2014年2月8日土曜日

WSJ: 日本をみるもう一つの視線

ソチ冬季五輪が始まった。
北海道でも札幌雪祭りや、小樽の雪明りの路が始まった。
いつの間にか正月、松の内、小正月、節分、立春が過ぎて、春をまつ季節になってきた。
今週は毎日会議があり慌ただしかったが、今年度の仕事もそろそろ一段落させる時期である。

それはそうと……

特定の新聞社が一つの観点にたつ意見を記事にしたとしても、それと矛盾する見方は一切とらないという意味ではない。

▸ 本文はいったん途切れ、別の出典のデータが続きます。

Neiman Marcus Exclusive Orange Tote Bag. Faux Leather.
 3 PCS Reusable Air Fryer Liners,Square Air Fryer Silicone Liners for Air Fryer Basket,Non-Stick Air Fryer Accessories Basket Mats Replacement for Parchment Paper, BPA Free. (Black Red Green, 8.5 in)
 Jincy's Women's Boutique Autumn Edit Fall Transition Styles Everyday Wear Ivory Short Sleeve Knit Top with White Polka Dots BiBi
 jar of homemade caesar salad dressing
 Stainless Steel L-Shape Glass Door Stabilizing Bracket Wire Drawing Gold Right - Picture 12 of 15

互いに矛盾する内容の意見を並列して認めることは、真理を得る帰納的方法においては、必ず行わなければならない鉄則である。

端的にいえば、ある時点で知られていることは必ず一面的であって、真理を示唆する材料にすぎない。個別に一つずつをとりあげて、それが正しいとか、誤りとかを言っても、さほどの意味はないのであって、常に全体的な見方の転換というのは起こりうるものである。「パラダイム・シフト」という言葉を知ってはいても、実際に身につけて日常的に生かすことは難しいものだ。

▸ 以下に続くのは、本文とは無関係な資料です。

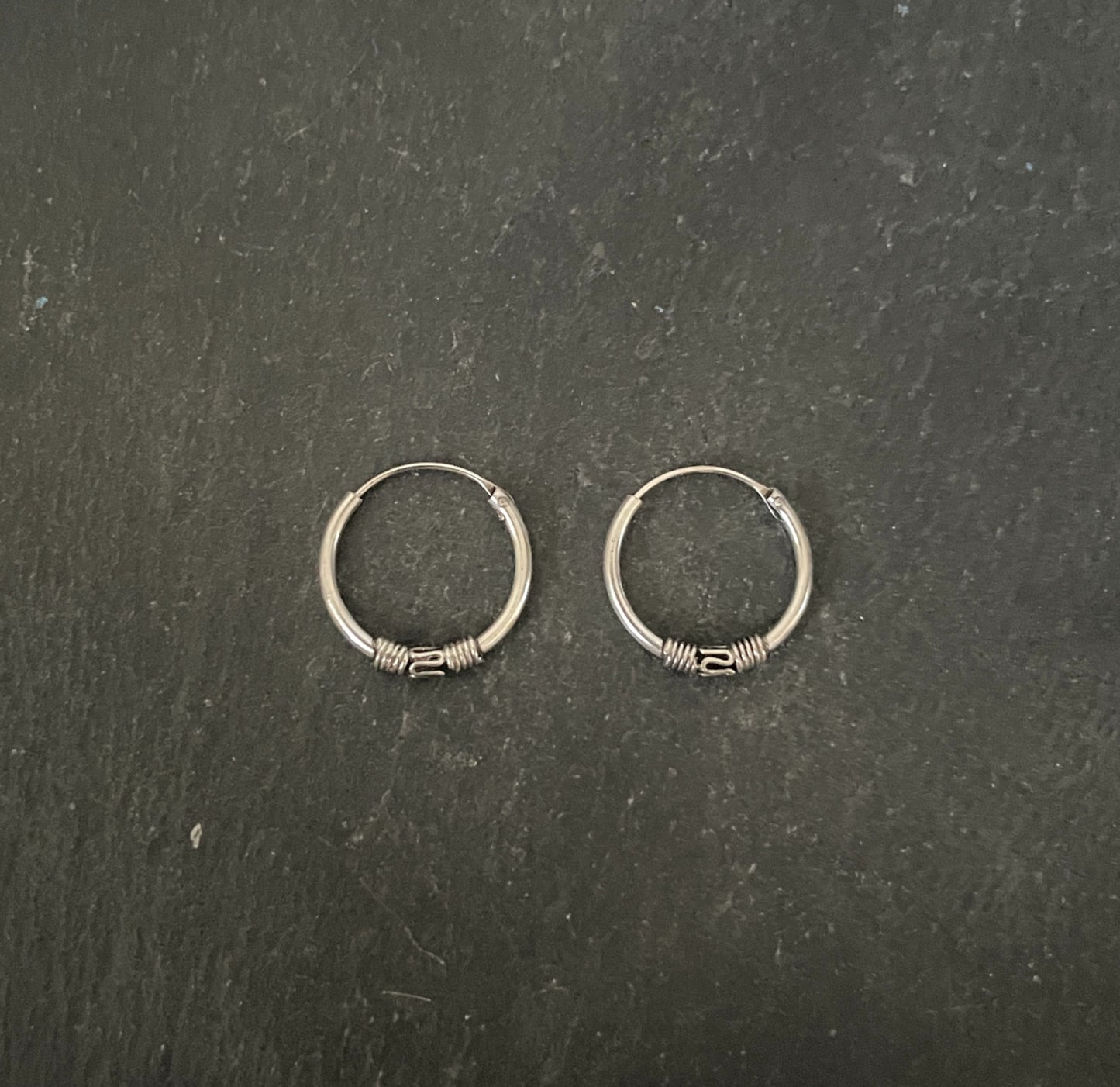 Round Silver Hoops image 0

前回投稿のあとWall Street Journalが社説を載せた。『日本には集団的自衛権が必要―アジアの民主主義に貢献』がタイトルになっている。最後の下りをここでは引用しておきたい。
憲法の新たな解釈が日本の軍隊から制約を完全に取り除くことはないだろう。安倍首相は憲法改正を求めたい考えだ。中国は集団的自衛権をめぐり大騒ぎする一方で、中国政府首脳は自らの行動が政治的に道筋を開いたと考えるかもしれない。中国が尖閣諸島や南シナ海の問題をめぐって武力で現状を変えようとし続けるなら、安倍首相あるいは次の首相が憲法第9条を丸ごと削除するかもしれない。 
 安倍首相は、日本をアジアで主導的役割を果たすことのできる正常な国にしようとする取り組みにおいて称賛に値する。日本政府は平和に貢献し、この70年間で過去の行為を償ってきた。日本は民主主義のため隣国に安全を保障するという自らの役割を果たすべき時がきている。
(出所)ウォール・ストリート・ジャーナル、2014年2月6日

 小生は、矛盾した意見を時に応じて平気で次々に言う人が大変好きである。それぞれが、その人にとっては真理であり、個々の矛盾はそれだけ現実が多面的で、互いに矛盾しているかのように見える世界であることの反映だからであって、混沌とした発言はむしろ奥深さを意味していることがあるものだ。

ここまで書いて連想したのは、かなり昔に読んだハイエクの文章だ。
(設計主義的合理性の下にできあがった)設計によらずして、「成長して成った」制度に対する関心がこのより古き思考様式の復活へと導いた。(出所)ハイエク『市場・知識・自由』、第5章「デイヴィッド・ヒュームの法哲学と政治哲学」、137ページ
「古き思考様式」とはイギリス伝統の帰納哲学のことであり、制度の設計ではなく、制度の(自然的な)成長を重視した。成長を重視するというのは、その制度を導入する当初においては、まだ未熟・不完全であるが、永年をかけて国民が新しい服に慣れていくように、制度を修正していくということになる。最初が不完全なのだから、修正の頻度が高ければ高いほど、より速く完成されるわけでもある。

このような思考様式は、日本国憲法の「護憲派」にはとても容認できない立場かもしれない。護憲という言葉には、変革の拒否、完全なるものの守護という意味合いが込められている以上、上のような不完全なものを完全なものに直していくという発想が欠けているからだ。